YOUR OBJECTIVE
From the line containing "Used 2023 Onyx" down to the last line of the entries, print each line exactly and leave the pictures out.

------ TASK INPUT ------

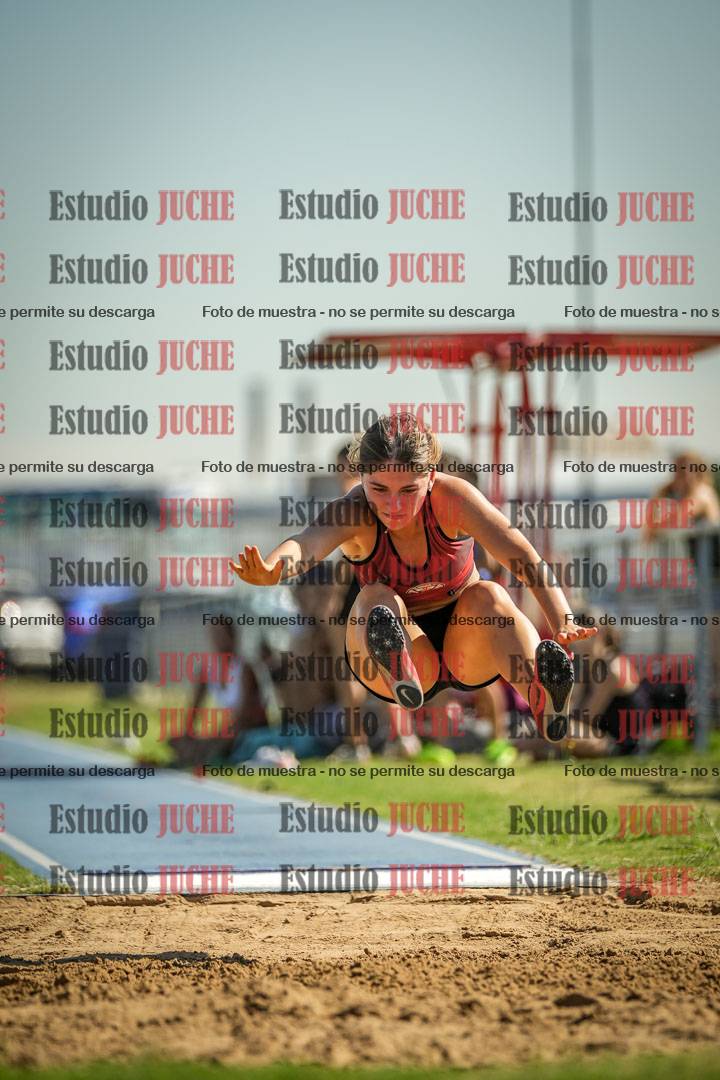 Fotos del salto en largo de mujeres - mayores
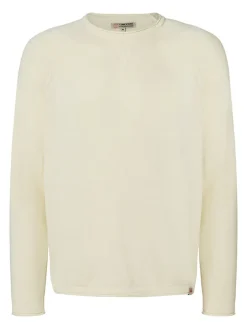 Sweter w kolorze beżowym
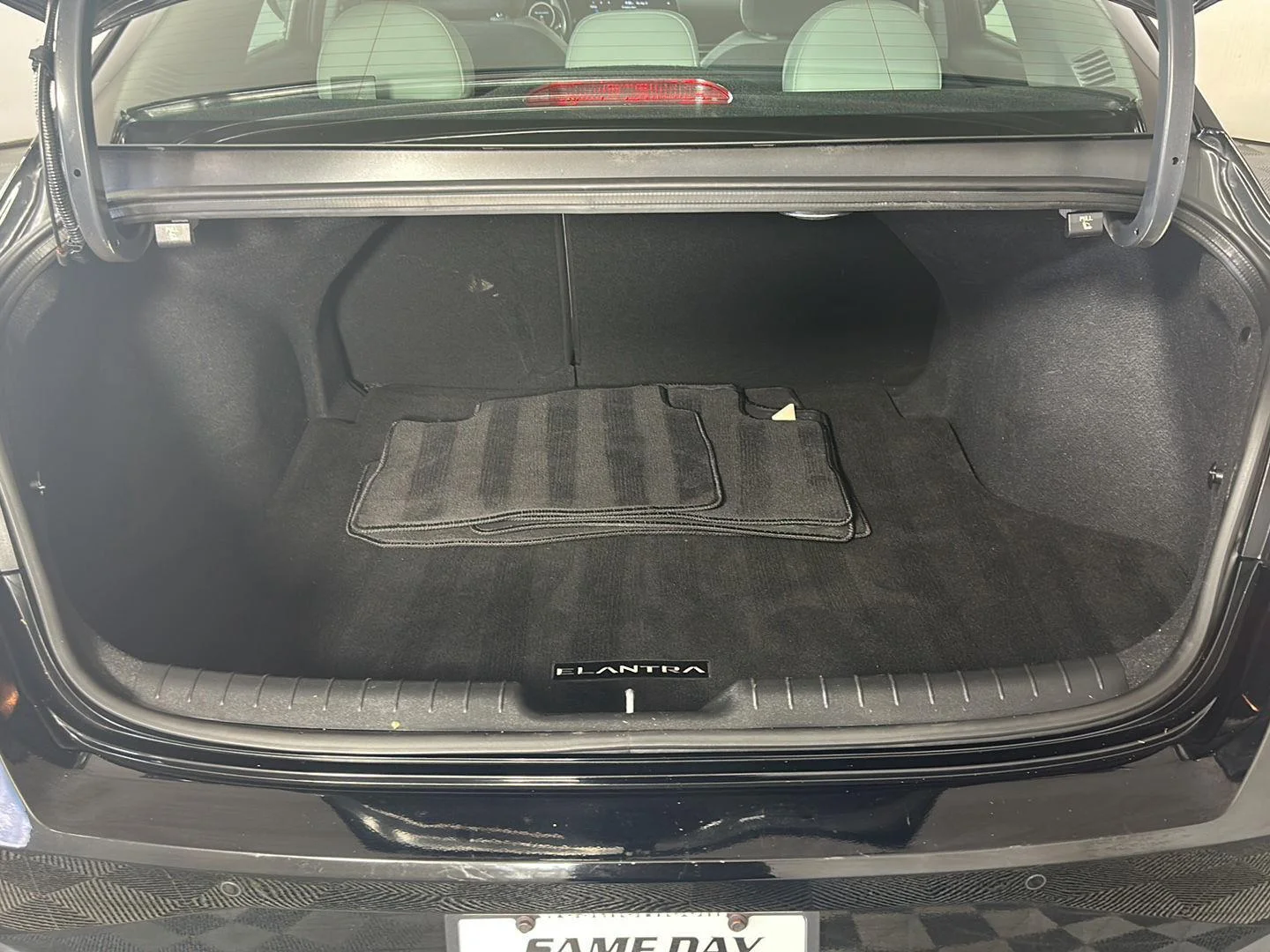 Used 2023 Onyx Black Hyundai Limited image 25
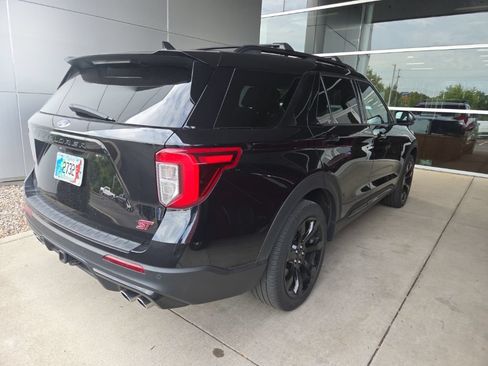 Used 2022 Ford Explorer ST w/ Equipment Group 401A AWD/4WD image 4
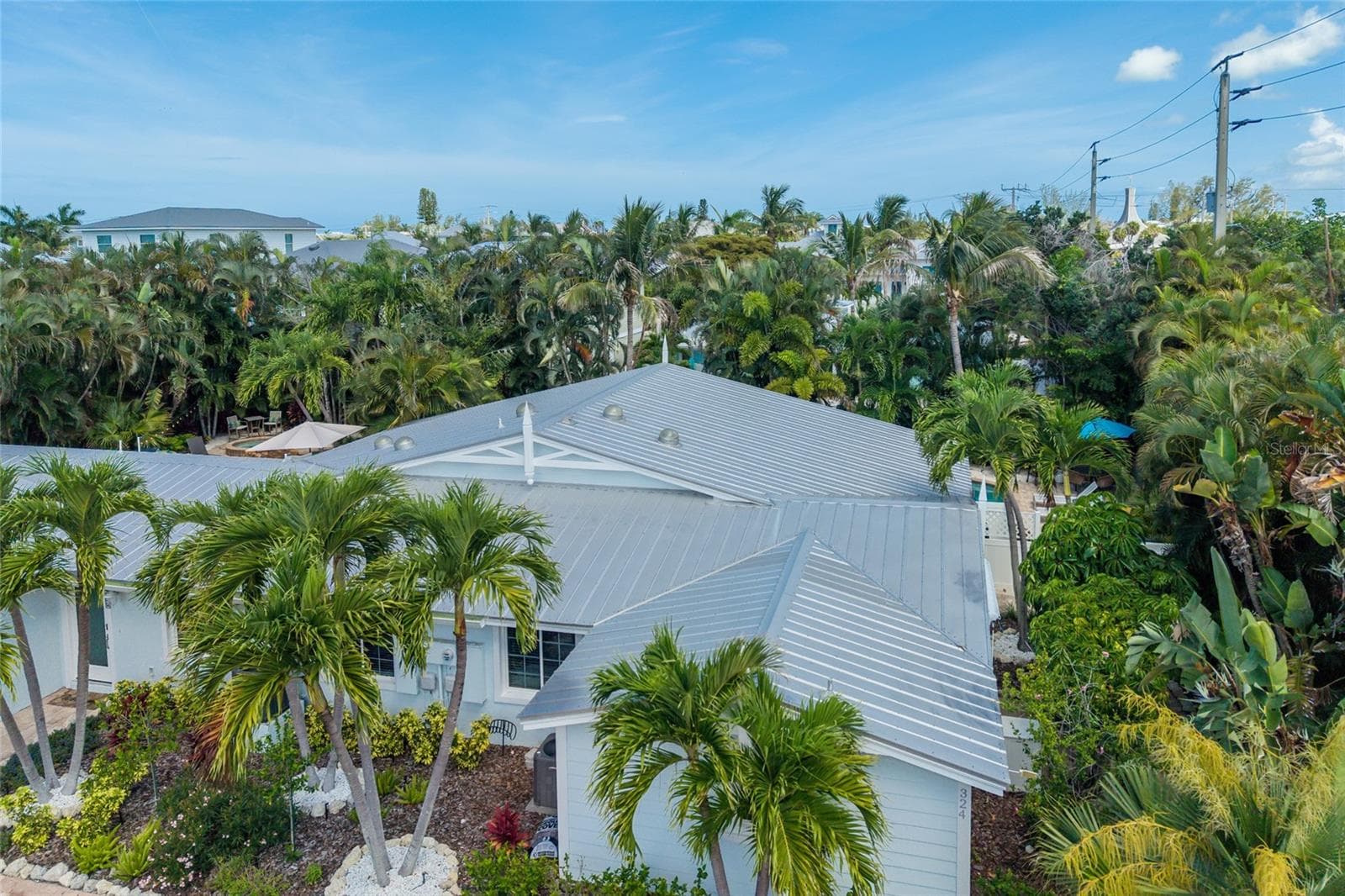 Metal roof! - 324 64TH ST, HOLMES BEACH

------

ANSWER
 Used 2023 Onyx Black Hyundai Limited image 25
 Used 2022 Ford Explorer ST w/ Equipment Group 401A AWD/4WD image 4
 Metal roof! - 324 64TH ST, HOLMES BEACH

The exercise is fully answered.